╭─ INPUT

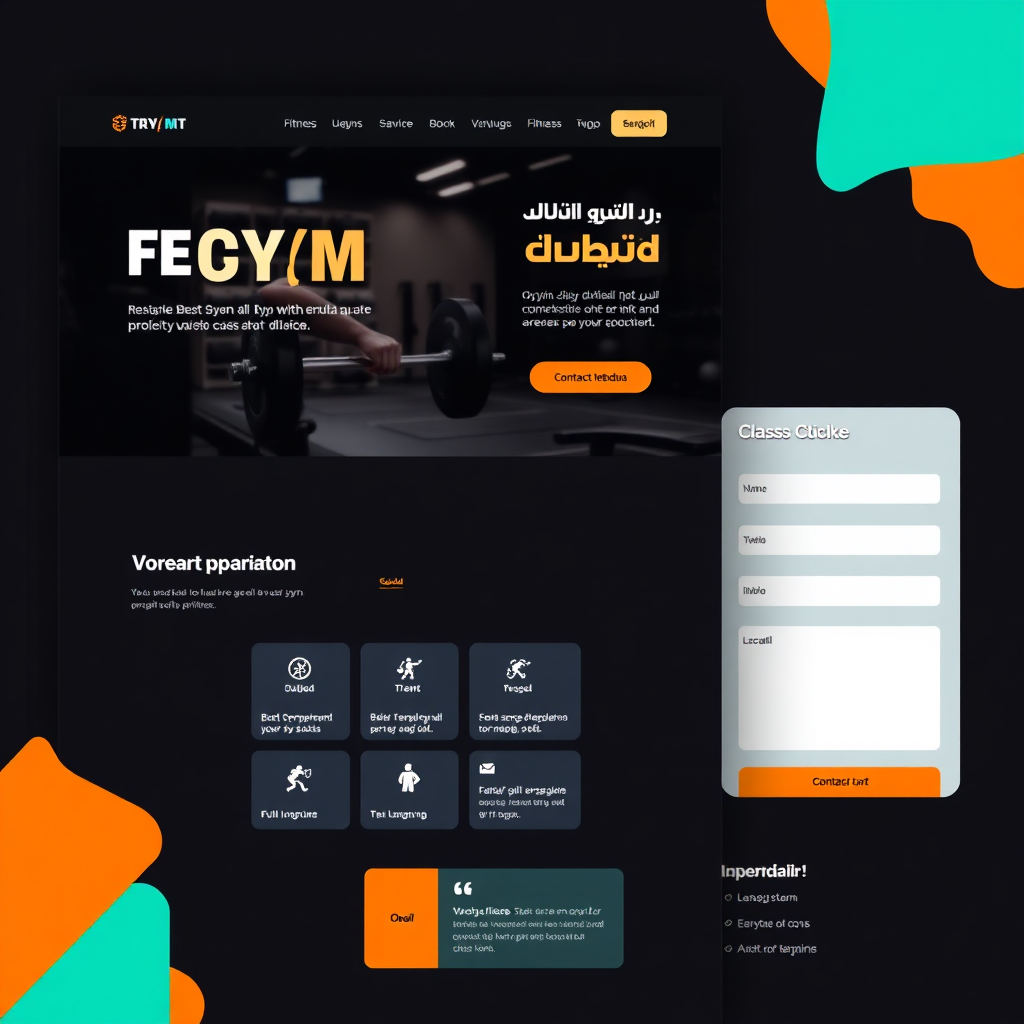 قالب نادي رياضي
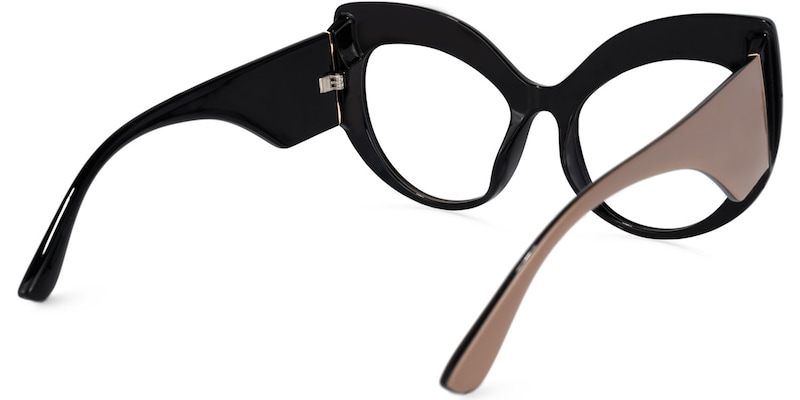 Kait Cat-eye Brown Glasses | Zeelool Glasses4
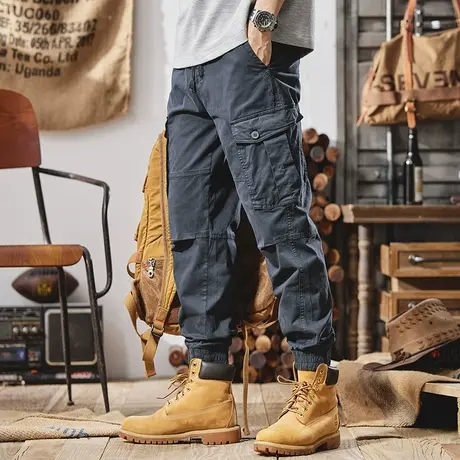 Modi Nick/摩帝尼克裤子男款男士工装裤宽松直筒潮牌潮流束脚裤子商品大图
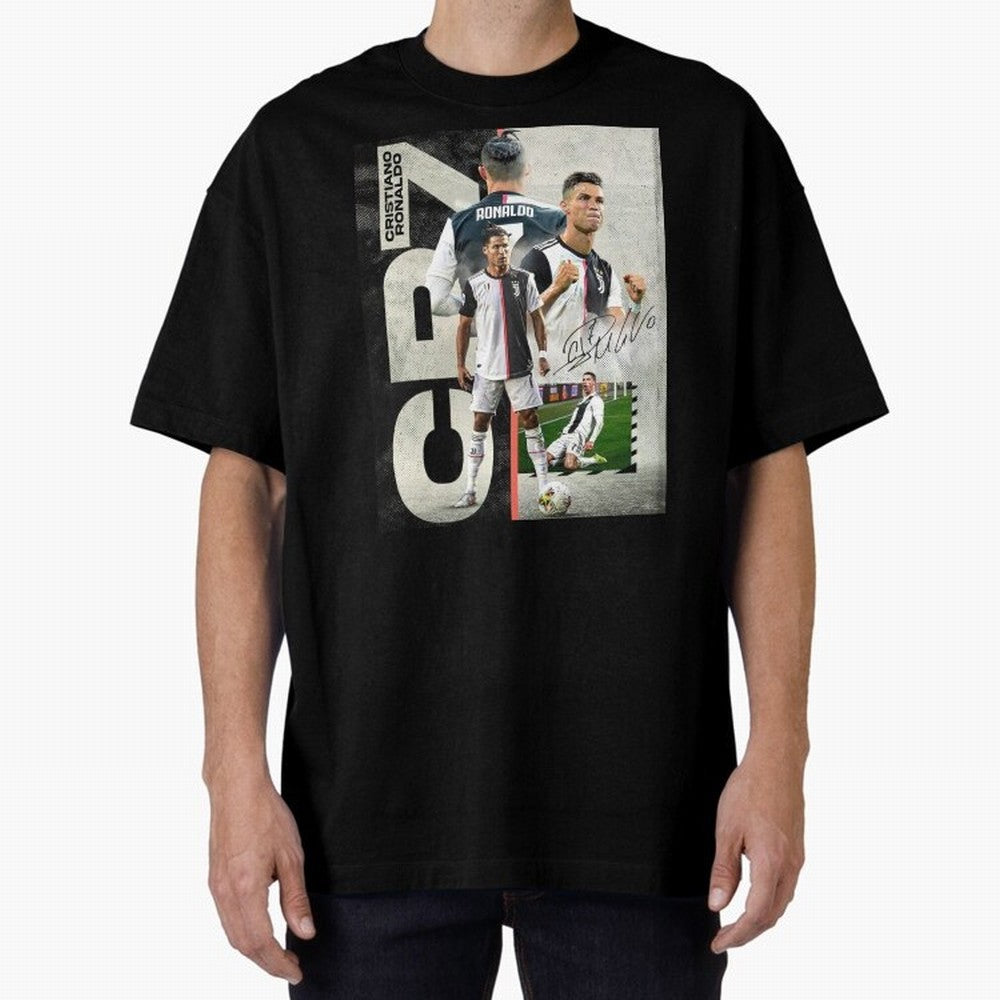 Cristiano Ronaldo Goals in Juventus special design ,Ronaldo Gift Idea, Ronaldo Footballer , Football Oversized T-Shirt Represent Football Lovers during FIFA World Cup 2026 Connected to CR7, Netherlands Energy, Classic Soccer Heritage, Championship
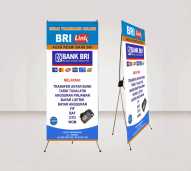 X BANNER BAHAN SPANDUK FLEXY 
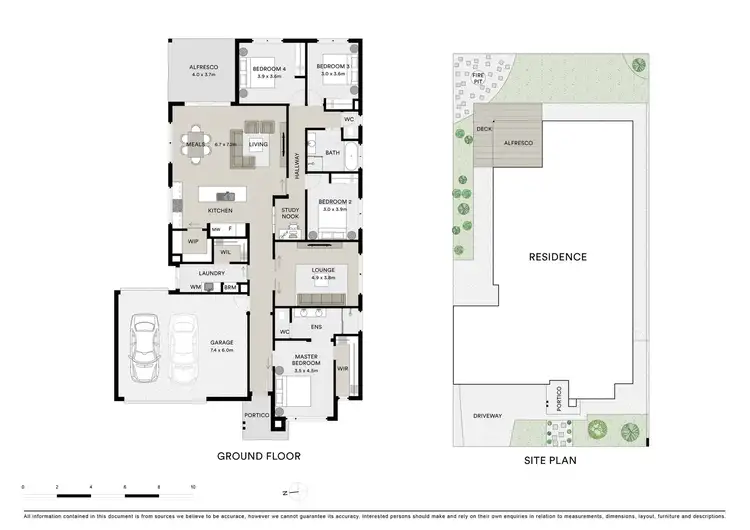 Floorplan of Homely house listing, 15 Magnificent Grove, Mount Duneed VIC 3217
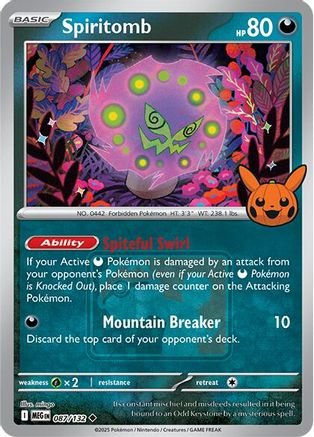 Spiritomb (Pokeween 2025) (87/132) - Miscellaneous Cards & Products Reverse Holofoil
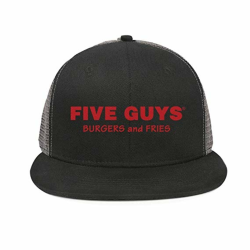 Uonqyjhd Five Guys Logo Snapback Baseball Cap Fitted Cotton ...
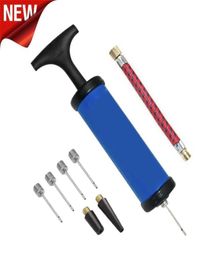 Sports Ball Pump Kit Inflator Portable Hand Air For Football Basketball Sport Soccer Complete Party Decoration3592190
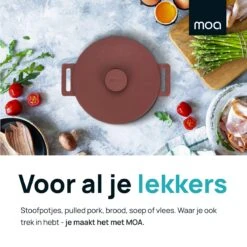 MOA Gietijzeren Braadpan - Inhoud 4,75 Liter - 26CM - Rond - Alle Warmtebronnen - Ook Voor Inductie - Gewicht 5,8 Kg - Bordeaux Rood - MC26BR 14 MOA Gietijzeren Braadpan - Inhoud 4,75 Liter - 26CM - Rond - Alle Warmtebronnen - Ook Voor Inductie - Gewicht 5,8 Kg - Bordeaux Rood - MC26BR -Thuiskeuken 1200x1200 1455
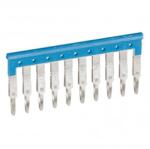 Legrand Bridging combs Viking 3 - equipotential - pentru 10 blocks cu 5 mm pitch - albastru (037500)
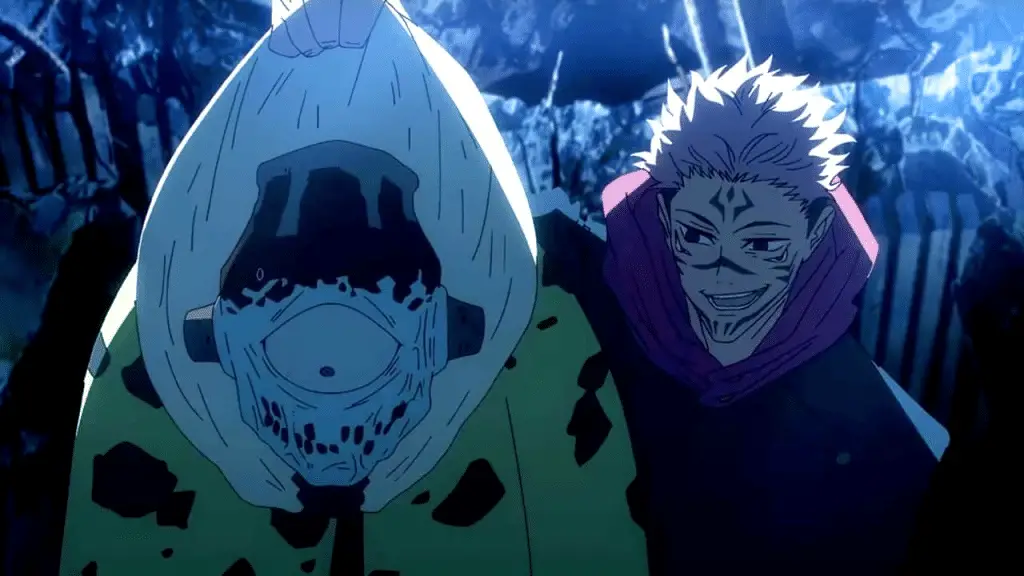 Sukuna et Jogo dans Jujutsu Kaisen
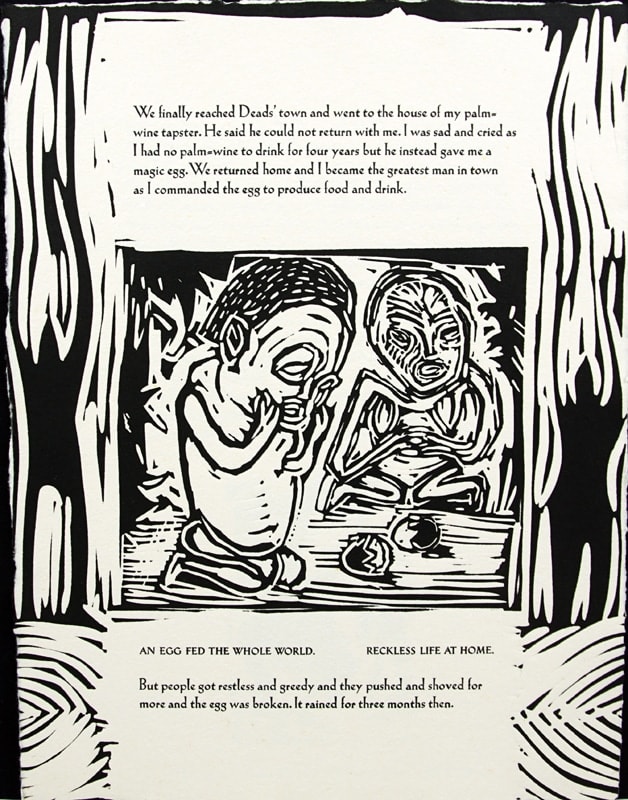 Adverntures in the Burning Bush by David Rathman. Interior page with illustration.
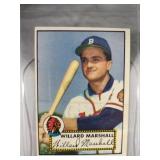 1952 Topps Baseball Willard Marshall #96
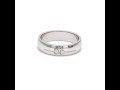 360 Degree View of Customised Sound Wave Platinum Rings for Women JL PT 586
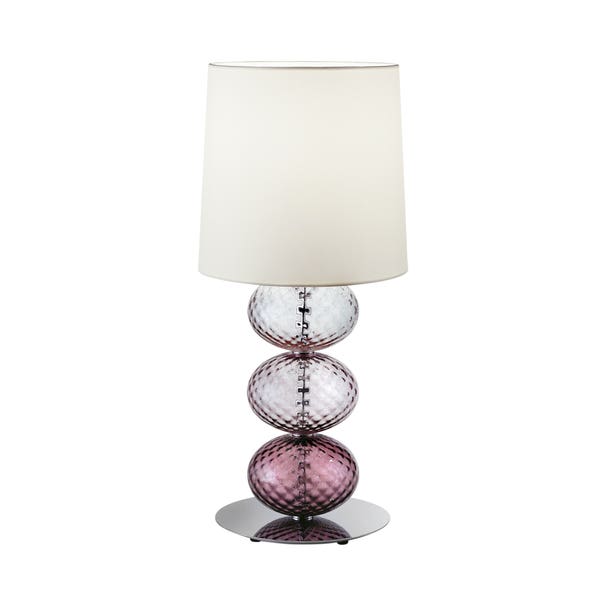 Murano glass lamp, Murano table lamp, Glass table lamp 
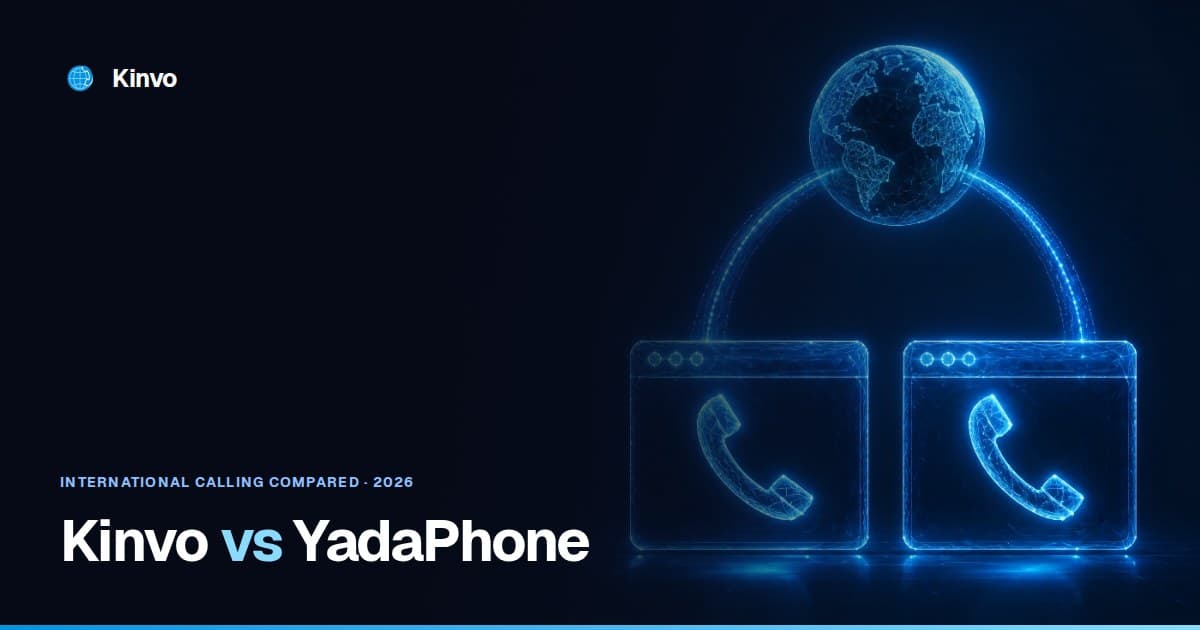 Kinvo vs YadaPhone — international calling compared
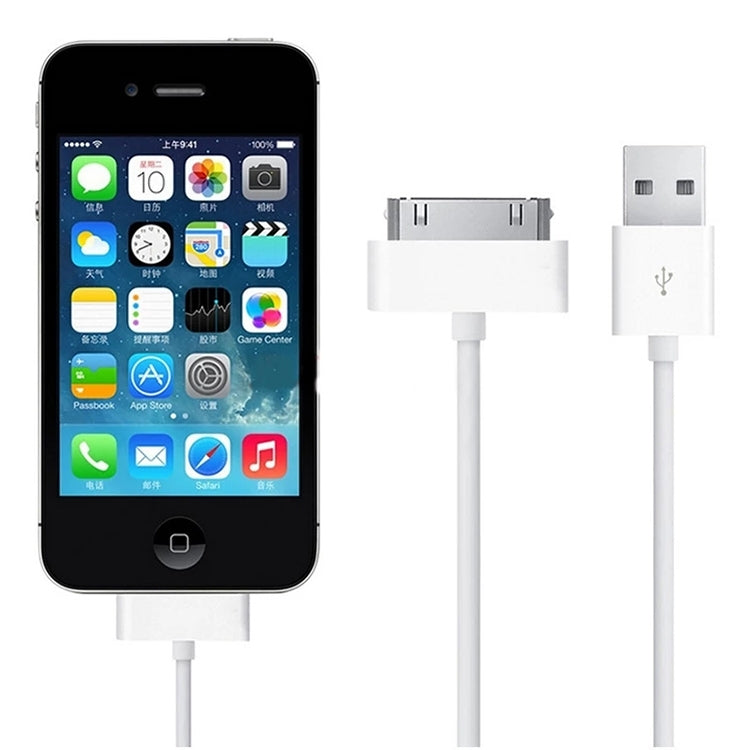 30 Pin Male to USB Male Charging & Data Sync Cable for iPad / 2 / 3,...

╰─

§ **YOUR ASSIGNMENT**:
Your answer should be the lines above, word for word, from the line with "Kait Cat-eye Brown" through the line with "Sports Ball Pump", minus the pictures.

§ **TASK SOLUTION**:
 Kait Cat-eye Brown Glasses | Zeelool Glasses4
 Modi Nick/摩帝尼克裤子男款男士工装裤宽松直筒潮牌潮流束脚裤子商品大图
 Cristiano Ronaldo Goals in Juventus special design ,Ronaldo Gift Idea, Ronaldo Footballer , Football Oversized T-Shirt Represent Football Lovers during FIFA World Cup 2026 Connected to CR7, Netherlands Energy, Classic Soccer Heritage, Championship
 X BANNER BAHAN SPANDUK FLEXY 
 Floorplan of Homely house listing, 15 Magnificent Grove, Mount Duneed VIC 3217
 Spiritomb (Pokeween 2025) (87/132) - Miscellaneous Cards & Products Reverse Holofoil
 Uonqyjhd Five Guys Logo Snapback Baseball Cap Fitted Cotton ...
 Sports Ball Pump Kit Inflator Portable Hand Air For Football Basketball Sport Soccer Complete Party Decoration3592190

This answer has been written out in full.